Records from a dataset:
========

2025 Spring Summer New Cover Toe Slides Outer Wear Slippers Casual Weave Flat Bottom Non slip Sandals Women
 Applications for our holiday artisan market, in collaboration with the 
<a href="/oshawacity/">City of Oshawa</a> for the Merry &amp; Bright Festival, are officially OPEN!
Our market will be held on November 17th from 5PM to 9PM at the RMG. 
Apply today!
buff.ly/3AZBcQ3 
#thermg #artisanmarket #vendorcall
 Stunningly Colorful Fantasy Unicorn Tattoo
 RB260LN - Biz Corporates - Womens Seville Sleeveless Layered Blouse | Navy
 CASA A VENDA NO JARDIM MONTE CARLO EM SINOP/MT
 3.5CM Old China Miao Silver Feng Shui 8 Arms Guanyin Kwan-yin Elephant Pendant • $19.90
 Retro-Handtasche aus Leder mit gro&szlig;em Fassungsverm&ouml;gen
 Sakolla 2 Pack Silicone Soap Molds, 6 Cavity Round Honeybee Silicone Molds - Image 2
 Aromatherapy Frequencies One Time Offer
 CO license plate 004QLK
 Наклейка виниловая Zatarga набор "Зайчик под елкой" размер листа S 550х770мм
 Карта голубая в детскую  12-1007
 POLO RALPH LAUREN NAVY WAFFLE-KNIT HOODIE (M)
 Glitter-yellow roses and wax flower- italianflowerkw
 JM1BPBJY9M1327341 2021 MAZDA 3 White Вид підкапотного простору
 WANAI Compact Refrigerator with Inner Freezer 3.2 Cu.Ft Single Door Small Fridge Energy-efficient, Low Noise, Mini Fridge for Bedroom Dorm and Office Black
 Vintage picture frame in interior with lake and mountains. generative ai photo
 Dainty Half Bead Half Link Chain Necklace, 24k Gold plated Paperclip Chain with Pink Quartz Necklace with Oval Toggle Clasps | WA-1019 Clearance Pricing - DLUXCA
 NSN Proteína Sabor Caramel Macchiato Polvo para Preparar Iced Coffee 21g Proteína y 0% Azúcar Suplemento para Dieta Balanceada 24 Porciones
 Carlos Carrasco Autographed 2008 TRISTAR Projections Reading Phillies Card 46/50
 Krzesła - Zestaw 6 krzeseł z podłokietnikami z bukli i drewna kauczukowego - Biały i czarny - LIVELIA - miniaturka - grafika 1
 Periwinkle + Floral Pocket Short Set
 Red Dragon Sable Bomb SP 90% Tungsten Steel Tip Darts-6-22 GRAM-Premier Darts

========

> Problem
Scan the data above for the word "with". Copy every line in which it is found.

> Answer to this exercise
 Applications for our holiday artisan market, in collaboration with the 
 WANAI Compact Refrigerator with Inner Freezer 3.2 Cu.Ft Single Door Small Fridge Energy-efficient, Low Noise, Mini Fridge for Bedroom Dorm and Office Black
 Vintage picture frame in interior with lake and mountains. generative ai photo
 Dainty Half Bead Half Link Chain Necklace, 24k Gold plated Paperclip Chain with Pink Quartz Necklace with Oval Toggle Clasps | WA-1019 Clearance Pricing - DLUXCA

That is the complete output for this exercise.